OOM on 2x24GB GPU with a 30B model
On a 2x 3090 Ubuntu system, I am trying to run a QLoRA finetune on a 30B model WizardLM-30B-fp16 by splitting the single model across both cards because I think it cannot fit into a single card. Both cards have 0.315 GB VRAM in use before running the finetune.
I have been reading how 30B models can be trained on a single 24GB VRAM GPU like the 3090. Why am I only able to train it with a per-device batch size of 1 using a minimum of two 24GB GPUs? This is going to take over a month.

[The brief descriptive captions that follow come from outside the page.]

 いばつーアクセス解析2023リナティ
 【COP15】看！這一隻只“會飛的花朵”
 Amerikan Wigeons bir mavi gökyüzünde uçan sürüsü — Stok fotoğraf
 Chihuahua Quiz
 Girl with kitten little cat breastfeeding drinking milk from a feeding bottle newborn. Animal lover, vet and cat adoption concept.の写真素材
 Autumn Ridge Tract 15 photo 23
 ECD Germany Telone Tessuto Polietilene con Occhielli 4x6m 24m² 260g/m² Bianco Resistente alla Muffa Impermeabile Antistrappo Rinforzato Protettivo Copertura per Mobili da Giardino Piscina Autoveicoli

model_id = "TheBloke/WizardLM-30B-fp16"
nf4_config = BitsAndBytesConfig(
load_in_4bit=True,
bnb_4bit_use_double_quant=True,
bnb_4bit_quant_type="nf4",
bnb_4bit_compute_dtype=torch.bfloat16,
)
tokenizer = LlamaTokenizer.from_pretrained(model_id)
tokenizer.add_special_tokens({"pad_token": "[PAD]"})

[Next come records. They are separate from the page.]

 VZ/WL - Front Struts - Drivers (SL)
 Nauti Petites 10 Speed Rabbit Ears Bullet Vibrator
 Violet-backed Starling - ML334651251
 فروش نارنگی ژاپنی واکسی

model = AutoModelForCausalLM.from_pretrained(
model_id,
quantization_config=nf4_config,
device_map="auto",
)
model.gradient_checkpointing_enable()
model.config.use_cache = False
model.resize_token_embeddings(len(tokenizer))
config = LoraConfig(
r=256,
lora_alpha=512,
lora_dropout=0.05,
bias="none",
task_type="CAUSAL_LM",
)
model = prepare_model_for_kbit_training(model)

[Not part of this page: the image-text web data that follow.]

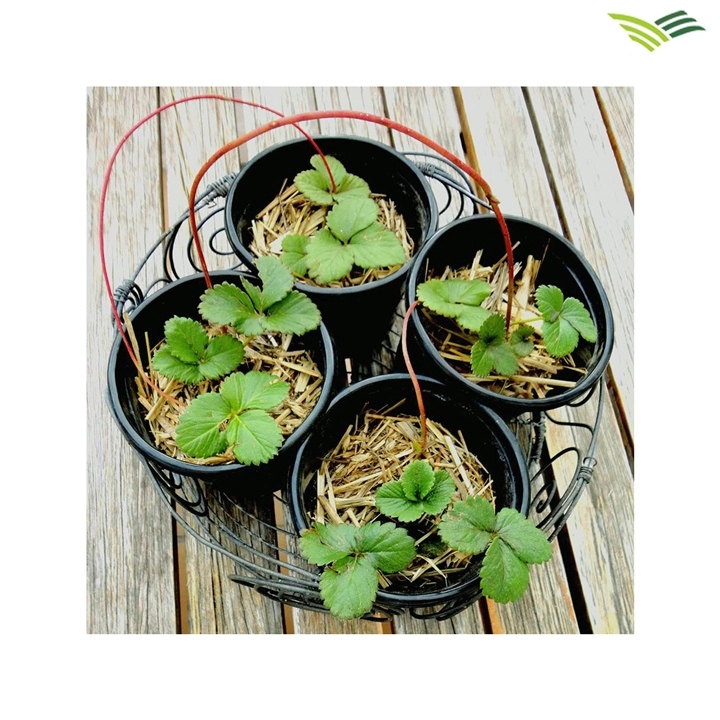 CHẬU NHỰA ĐEN C18X28.webp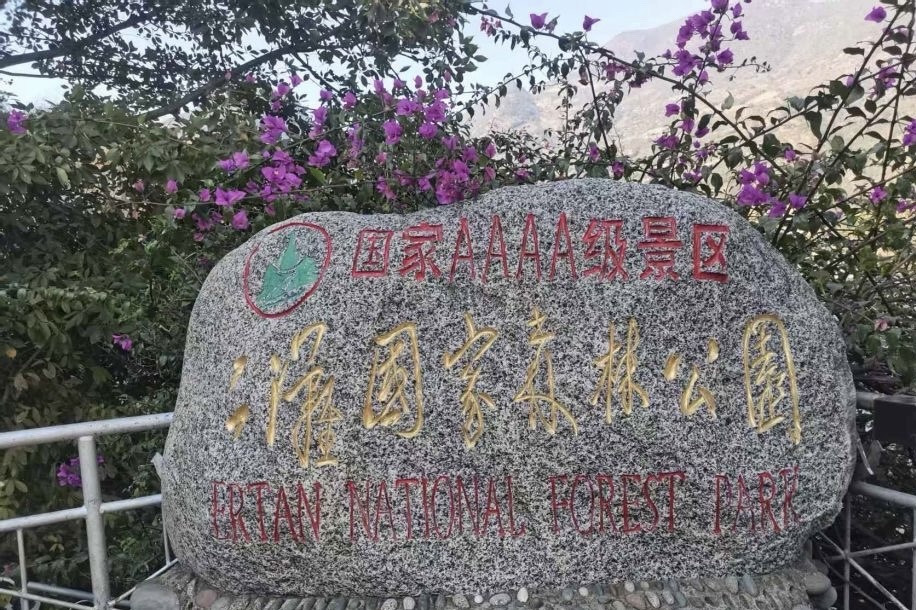 二滩国家森林公园旅行图片 1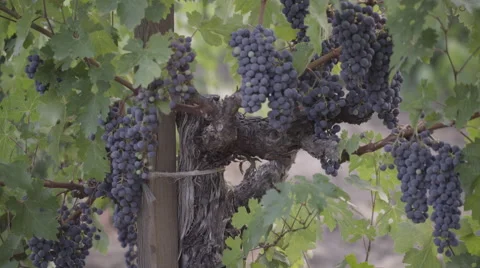 Grapes on vines panning left to right 스톡 동영상 56663051
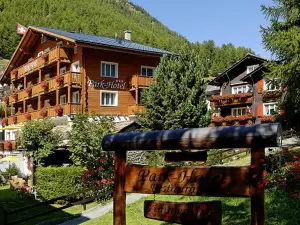 Park-Hotel Saas- Fee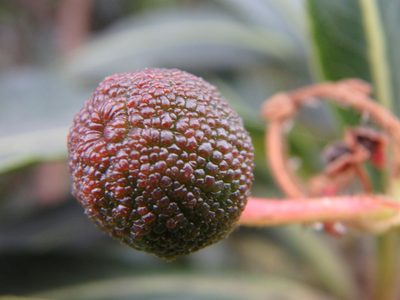 Arbutus canariensis, photographed by Daniel Cahen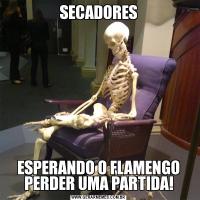 SECADORESESPERANDO O FLAMENGO PERDER UMA PARTIDA!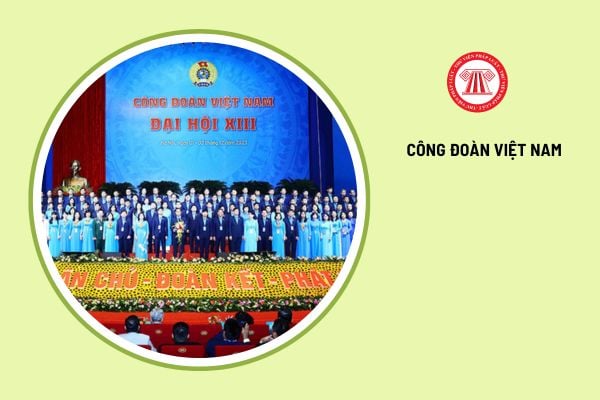 Công đoàn tổng công ty có phải là công đoàn cấp trên trực tiếp cơ sở không?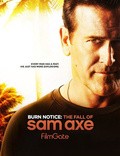 Burn Notice: The Fall of Sam Axe movie in Jeffrey Donovan filmography.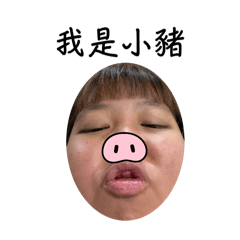 小豬與小小豬日常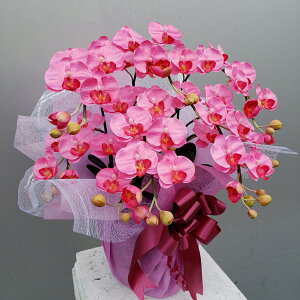 ӒS/5F/sNiԁj50×40@G}@A[gt[@A[eBtBbV@j@a@JXj@JƏj@J@j@ij@zj@Mtg@v[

model = get_peft_model(model, config)
trainable params: 408944640 || all params: 16886824448 || trainable%: 2.4216787546958454
Using a single card (2nd GPU):
per_device_train_batch_size=1
TrainingArguments(
per_device_train_batch_size=1,
gradient_accumulation_steps=1,
**more_training_args,
)
torch.cuda.OutOfMemoryError: CUDA out of memory. Tried to allocate 794.00 MiB (GPU 0; 23.69 GiB total capacity; 21.16 GiB already allocated; 23.06 MiB free; 22.65 GiB reserved in total by PyTorch) If reserved memory is >> allocated memory try setting max_split_size_mb to avoid fragmentation. See documentation for Memory Management and PYTORCH_CUDA_ALLOC_CONF
per_device_train_batch_size=2
TrainingArguments(
per_device_train_batch_size=2,
gradient_accumulation_steps=2,
**more_training_args,
)
torch.cuda.OutOfMemoryError: CUDA out of memory. Tried to allocate 1.55 GiB (GPU 0; 23.69 GiB total capacity; 20.11 GiB already allocated; 297.06 MiB free; 22.38 GiB reserved in total by PyTorch) If reserved memory is >> allocated memory try setting max_split_size_mb to avoid fragmentation. See documentation for Memory Management and PYTORCH_CUDA_ALLOC_CONF
Using both cards:
per_device_train_batch_size=1
TrainingArguments(
per_device_train_batch_size=1,
gradient_accumulation_steps=1,
**more_training_args,
)
Works!
GPU0 MEM 22.0/24.0 GB
GPU1 MEM 22.5/24.0 GB
per_device_train_batch_size=2
TrainingArguments(
per_device_train_batch_size=2,
gradient_accumulation_steps=2,
**more_training_args,
)
torch.cuda.OutOfMemoryError: CUDA out of memory. Tried to allocate 1.55 GiB (GPU 1; 23.69 GiB total capacity; 19.56 GiB already allocated; 749.06 MiB free; 21.94 GiB reserved in total by PyTorch) If reserved memory is >> allocated memory try setting max_split_size_mb to avoid fragmentation. See documentation for Memory Management and PYTORCH_CUDA_ALLOC_CONF
Your LoRA rank might be too high (r = 128). I wouldn't recommend going above the effective batch size of 1 either, it seems to negatively affect the train loss with QLoRA.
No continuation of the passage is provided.